* [WORK REQUIRED]: Using the material below, return exactly the lines between the one holding "Sparkling Designer Princess" and the one holding "Exterior - 27", inclusive, and no others.

* [DATA IN THIS EXERCISE]:
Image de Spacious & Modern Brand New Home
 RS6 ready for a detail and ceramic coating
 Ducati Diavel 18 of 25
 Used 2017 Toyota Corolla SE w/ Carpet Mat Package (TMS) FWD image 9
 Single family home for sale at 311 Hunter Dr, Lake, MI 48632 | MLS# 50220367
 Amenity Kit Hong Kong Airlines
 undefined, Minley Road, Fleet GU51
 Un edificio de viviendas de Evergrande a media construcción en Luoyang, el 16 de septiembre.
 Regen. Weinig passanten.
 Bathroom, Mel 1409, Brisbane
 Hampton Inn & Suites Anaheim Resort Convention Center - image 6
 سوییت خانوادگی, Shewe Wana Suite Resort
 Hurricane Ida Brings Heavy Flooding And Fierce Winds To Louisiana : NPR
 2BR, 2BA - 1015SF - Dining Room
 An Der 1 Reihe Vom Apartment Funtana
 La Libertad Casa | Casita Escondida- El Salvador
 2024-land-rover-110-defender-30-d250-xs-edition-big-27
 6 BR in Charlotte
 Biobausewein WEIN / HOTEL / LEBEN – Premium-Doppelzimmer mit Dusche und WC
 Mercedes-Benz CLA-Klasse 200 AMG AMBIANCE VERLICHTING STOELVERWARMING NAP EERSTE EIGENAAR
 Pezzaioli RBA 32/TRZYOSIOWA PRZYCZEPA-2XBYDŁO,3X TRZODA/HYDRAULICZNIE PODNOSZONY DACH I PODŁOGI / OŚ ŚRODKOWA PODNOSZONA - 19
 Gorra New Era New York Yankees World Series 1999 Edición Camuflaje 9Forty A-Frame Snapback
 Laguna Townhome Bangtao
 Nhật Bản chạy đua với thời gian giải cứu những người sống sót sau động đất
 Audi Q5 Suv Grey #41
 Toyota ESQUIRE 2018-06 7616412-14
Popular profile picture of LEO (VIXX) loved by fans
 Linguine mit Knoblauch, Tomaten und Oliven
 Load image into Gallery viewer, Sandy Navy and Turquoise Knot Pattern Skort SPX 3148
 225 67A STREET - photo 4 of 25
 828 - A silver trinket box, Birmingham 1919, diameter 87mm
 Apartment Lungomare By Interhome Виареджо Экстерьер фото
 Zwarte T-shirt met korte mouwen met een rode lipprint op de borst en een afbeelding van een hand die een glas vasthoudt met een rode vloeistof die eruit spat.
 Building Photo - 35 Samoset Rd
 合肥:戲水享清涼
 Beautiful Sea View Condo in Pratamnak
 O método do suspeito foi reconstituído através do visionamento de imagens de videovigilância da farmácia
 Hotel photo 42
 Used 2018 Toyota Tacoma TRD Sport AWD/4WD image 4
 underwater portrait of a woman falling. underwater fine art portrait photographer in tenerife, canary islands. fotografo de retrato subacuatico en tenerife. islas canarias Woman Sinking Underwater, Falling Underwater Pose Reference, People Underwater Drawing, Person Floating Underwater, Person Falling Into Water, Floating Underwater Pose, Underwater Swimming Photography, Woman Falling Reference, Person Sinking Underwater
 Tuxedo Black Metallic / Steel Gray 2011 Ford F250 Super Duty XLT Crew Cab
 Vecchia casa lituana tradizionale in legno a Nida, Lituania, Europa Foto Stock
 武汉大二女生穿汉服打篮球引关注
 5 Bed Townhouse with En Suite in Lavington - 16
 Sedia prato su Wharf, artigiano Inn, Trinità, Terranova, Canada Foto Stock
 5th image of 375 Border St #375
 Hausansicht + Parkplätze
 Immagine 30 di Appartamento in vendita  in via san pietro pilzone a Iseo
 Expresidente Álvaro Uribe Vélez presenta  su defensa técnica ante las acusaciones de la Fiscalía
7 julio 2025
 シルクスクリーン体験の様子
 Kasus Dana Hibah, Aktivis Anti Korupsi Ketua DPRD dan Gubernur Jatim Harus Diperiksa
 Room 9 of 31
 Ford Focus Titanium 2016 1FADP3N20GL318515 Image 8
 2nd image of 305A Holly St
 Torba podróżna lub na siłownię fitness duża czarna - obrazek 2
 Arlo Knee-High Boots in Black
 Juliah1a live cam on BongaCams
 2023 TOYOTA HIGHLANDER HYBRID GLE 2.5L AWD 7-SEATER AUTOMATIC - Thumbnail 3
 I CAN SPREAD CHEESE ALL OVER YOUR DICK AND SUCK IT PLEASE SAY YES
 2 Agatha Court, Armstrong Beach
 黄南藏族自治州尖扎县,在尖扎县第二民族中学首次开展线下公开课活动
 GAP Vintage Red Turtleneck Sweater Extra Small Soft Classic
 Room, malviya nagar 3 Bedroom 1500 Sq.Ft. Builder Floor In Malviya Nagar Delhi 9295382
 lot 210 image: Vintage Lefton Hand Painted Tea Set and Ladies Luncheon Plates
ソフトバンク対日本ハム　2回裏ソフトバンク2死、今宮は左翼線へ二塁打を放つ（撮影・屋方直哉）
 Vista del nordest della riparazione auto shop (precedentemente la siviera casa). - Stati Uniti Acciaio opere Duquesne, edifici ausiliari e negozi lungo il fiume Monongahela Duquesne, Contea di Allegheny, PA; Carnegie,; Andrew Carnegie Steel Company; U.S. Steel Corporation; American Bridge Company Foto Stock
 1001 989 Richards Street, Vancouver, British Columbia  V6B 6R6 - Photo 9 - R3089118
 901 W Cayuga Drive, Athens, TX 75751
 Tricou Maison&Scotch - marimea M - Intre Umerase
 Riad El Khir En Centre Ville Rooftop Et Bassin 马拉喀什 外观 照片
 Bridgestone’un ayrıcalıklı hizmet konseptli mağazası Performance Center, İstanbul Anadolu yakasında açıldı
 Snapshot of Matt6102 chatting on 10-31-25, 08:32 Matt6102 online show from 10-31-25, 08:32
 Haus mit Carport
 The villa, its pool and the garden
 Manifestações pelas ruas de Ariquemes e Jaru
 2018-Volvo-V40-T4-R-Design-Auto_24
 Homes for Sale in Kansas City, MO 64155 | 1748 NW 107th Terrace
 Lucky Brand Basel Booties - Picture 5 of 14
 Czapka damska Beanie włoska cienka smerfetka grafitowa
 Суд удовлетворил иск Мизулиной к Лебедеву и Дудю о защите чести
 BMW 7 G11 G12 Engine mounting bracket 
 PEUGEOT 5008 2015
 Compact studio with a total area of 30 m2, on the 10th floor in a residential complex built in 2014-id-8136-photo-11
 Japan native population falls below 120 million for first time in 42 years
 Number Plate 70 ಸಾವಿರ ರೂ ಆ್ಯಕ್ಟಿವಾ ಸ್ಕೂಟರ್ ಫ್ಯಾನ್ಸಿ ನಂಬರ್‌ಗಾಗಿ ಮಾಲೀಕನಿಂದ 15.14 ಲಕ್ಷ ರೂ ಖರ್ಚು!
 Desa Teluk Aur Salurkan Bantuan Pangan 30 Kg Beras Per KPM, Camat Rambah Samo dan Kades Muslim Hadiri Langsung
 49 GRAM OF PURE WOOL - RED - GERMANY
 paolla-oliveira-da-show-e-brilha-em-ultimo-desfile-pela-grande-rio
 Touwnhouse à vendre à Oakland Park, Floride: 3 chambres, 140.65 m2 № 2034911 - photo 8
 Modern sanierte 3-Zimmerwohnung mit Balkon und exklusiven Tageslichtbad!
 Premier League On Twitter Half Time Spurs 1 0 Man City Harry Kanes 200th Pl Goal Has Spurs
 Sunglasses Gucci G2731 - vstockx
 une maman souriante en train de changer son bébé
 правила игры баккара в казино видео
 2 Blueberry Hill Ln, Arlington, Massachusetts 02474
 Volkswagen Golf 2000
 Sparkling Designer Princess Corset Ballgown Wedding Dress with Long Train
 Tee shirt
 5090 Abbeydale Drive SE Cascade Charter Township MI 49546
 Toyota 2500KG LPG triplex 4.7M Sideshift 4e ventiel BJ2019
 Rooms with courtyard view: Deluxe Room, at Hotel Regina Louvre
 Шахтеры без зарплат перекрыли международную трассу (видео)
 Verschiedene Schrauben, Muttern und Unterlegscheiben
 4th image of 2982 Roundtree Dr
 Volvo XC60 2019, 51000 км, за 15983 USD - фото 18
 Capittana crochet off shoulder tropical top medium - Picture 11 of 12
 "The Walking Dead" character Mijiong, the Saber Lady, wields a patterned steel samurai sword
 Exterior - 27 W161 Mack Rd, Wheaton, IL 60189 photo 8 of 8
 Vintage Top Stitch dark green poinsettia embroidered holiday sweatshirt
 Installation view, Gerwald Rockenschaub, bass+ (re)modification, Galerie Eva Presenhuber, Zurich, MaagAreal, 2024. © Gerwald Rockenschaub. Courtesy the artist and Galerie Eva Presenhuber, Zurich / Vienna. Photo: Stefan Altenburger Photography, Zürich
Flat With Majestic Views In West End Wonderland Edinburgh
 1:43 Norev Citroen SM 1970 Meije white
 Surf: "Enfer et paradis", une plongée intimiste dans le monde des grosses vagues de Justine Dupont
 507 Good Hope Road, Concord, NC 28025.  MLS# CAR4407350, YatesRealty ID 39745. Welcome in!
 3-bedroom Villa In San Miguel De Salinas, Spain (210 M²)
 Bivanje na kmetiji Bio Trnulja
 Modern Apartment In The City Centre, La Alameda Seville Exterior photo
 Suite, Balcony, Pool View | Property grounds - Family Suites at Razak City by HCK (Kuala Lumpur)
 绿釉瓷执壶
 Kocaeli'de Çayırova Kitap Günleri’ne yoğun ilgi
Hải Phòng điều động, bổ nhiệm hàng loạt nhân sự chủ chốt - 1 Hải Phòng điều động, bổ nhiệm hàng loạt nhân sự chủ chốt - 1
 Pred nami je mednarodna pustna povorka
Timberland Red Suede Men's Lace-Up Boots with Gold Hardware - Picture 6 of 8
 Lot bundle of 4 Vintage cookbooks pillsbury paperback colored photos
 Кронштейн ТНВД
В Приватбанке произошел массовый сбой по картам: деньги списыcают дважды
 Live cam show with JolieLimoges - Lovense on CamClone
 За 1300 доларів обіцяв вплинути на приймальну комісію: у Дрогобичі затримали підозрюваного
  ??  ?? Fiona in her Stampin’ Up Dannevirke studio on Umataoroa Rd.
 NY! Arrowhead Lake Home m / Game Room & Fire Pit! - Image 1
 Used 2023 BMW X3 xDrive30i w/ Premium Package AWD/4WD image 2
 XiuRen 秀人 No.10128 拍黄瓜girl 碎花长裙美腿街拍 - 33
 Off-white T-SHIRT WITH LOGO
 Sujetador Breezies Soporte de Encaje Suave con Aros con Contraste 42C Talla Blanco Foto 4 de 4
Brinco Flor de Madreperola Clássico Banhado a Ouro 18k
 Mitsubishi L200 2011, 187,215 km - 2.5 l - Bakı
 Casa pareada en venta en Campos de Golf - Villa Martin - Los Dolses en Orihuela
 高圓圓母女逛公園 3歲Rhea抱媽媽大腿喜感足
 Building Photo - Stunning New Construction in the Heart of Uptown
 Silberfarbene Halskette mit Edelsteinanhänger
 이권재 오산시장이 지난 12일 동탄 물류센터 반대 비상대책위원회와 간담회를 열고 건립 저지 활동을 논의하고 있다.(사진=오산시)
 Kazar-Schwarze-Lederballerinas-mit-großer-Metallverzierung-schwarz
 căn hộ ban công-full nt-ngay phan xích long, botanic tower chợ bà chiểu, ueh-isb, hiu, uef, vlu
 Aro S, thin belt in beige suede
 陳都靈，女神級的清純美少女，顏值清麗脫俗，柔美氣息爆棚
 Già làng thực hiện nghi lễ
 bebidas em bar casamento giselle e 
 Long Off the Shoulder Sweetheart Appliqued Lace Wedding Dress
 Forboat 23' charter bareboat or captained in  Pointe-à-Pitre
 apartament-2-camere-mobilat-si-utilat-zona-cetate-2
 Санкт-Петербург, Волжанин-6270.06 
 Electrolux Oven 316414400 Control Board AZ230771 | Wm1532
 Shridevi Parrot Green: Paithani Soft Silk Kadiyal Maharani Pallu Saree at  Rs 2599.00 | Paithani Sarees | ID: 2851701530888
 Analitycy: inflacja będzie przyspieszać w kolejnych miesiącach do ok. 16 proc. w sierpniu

* [TASK SOLUTION]:
 Sparkling Designer Princess Corset Ballgown Wedding Dress with Long Train
 Tee shirt
 5090 Abbeydale Drive SE Cascade Charter Township MI 49546
 Toyota 2500KG LPG triplex 4.7M Sideshift 4e ventiel BJ2019
 Rooms with courtyard view: Deluxe Room, at Hotel Regina Louvre
 Шахтеры без зарплат перекрыли международную трассу (видео)
 Verschiedene Schrauben, Muttern und Unterlegscheiben
 4th image of 2982 Roundtree Dr
 Volvo XC60 2019, 51000 км, за 15983 USD - фото 18
 Capittana crochet off shoulder tropical top medium - Picture 11 of 12
 "The Walking Dead" character Mijiong, the Saber Lady, wields a patterned steel samurai sword
 Exterior - 27 W161 Mack Rd, Wheaton, IL 60189 photo 8 of 8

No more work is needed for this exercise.